WORK REQUIRED
The lines below from the one with "Свадебные и вечерние прически и макияж" up to and including the one with "Pastillas de freno SBS P901-DS" are what you should set down, exactly and without pictures.

Items from a dataset
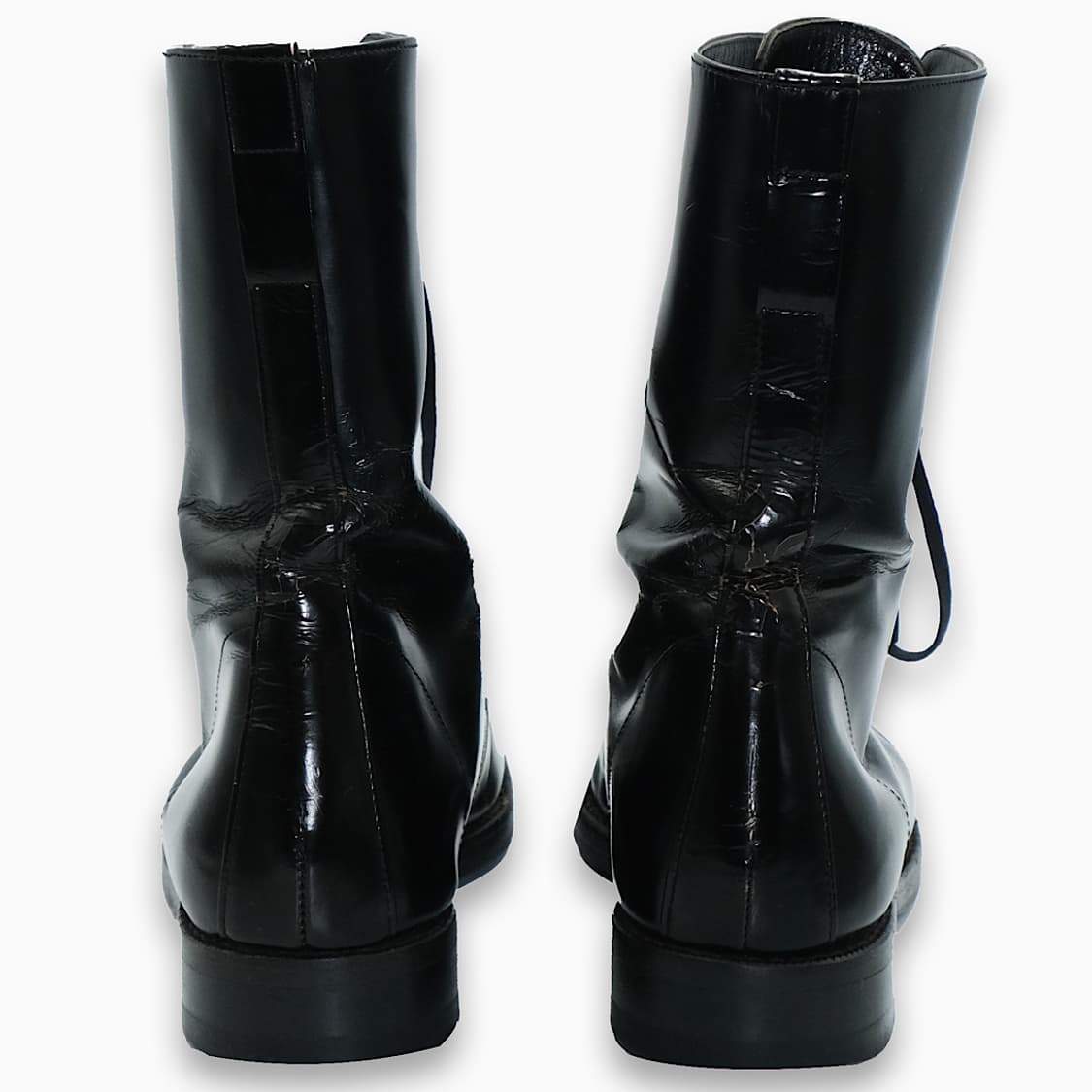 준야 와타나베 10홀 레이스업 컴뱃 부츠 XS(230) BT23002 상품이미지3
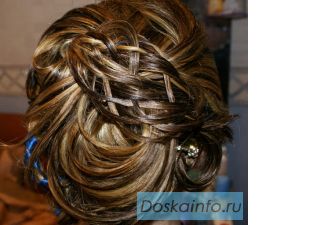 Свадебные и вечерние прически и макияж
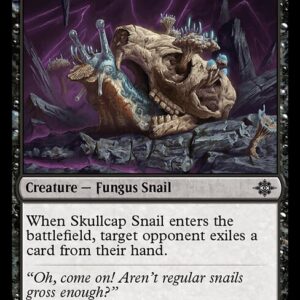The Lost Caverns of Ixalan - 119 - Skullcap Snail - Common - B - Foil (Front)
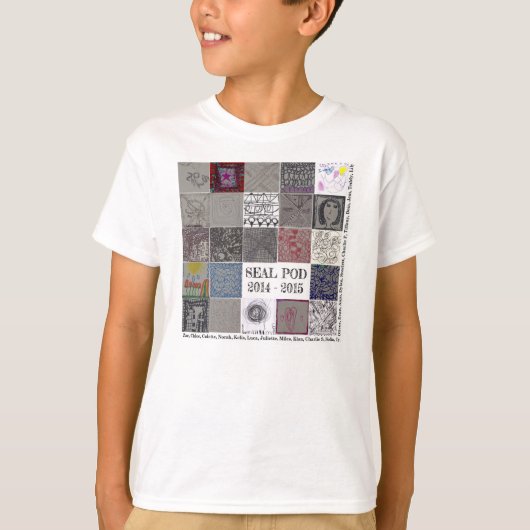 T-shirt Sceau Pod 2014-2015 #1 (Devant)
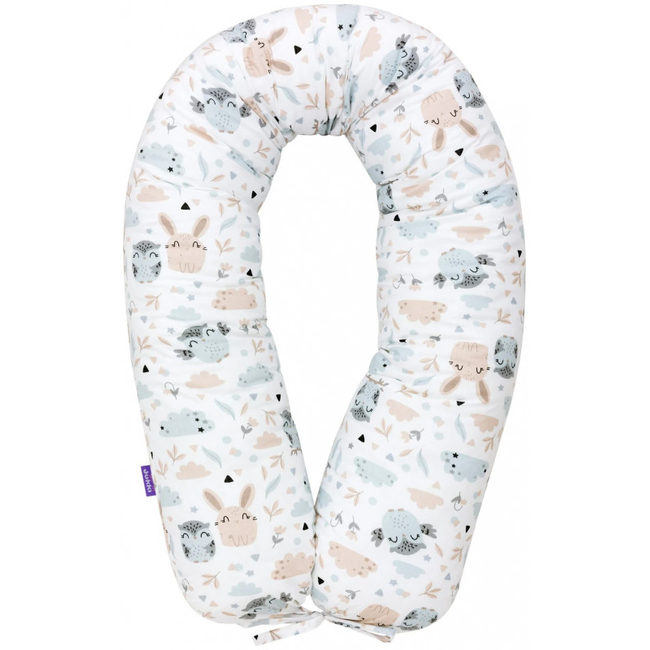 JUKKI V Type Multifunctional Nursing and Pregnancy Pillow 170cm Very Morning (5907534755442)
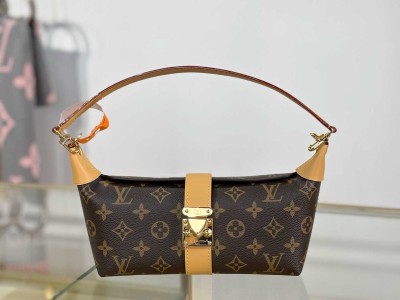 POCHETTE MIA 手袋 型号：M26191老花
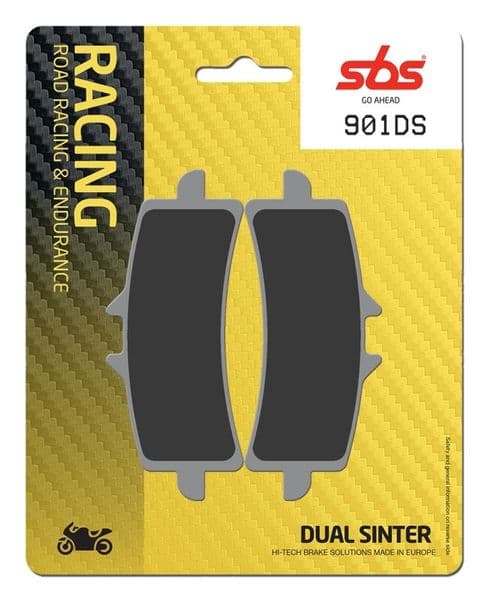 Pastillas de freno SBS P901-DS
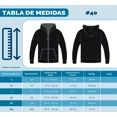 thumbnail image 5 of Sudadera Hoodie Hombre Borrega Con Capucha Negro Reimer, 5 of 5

---

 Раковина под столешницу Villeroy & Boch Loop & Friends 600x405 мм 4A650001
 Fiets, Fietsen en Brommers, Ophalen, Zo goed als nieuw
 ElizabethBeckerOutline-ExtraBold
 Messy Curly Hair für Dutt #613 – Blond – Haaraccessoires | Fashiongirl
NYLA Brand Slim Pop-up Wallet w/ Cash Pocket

ANSWER SPACE
 Свадебные и вечерние прически и макияж
The Lost Caverns of Ixalan - 119 - Skullcap Snail - Common - B - Foil (Front)
 T-shirt Sceau Pod 2014-2015 #1 (Devant)
 JUKKI V Type Multifunctional Nursing and Pregnancy Pillow 170cm Very Morning (5907534755442)
 POCHETTE MIA 手袋 型号：M26191老花
 Pastillas de freno SBS P901-DS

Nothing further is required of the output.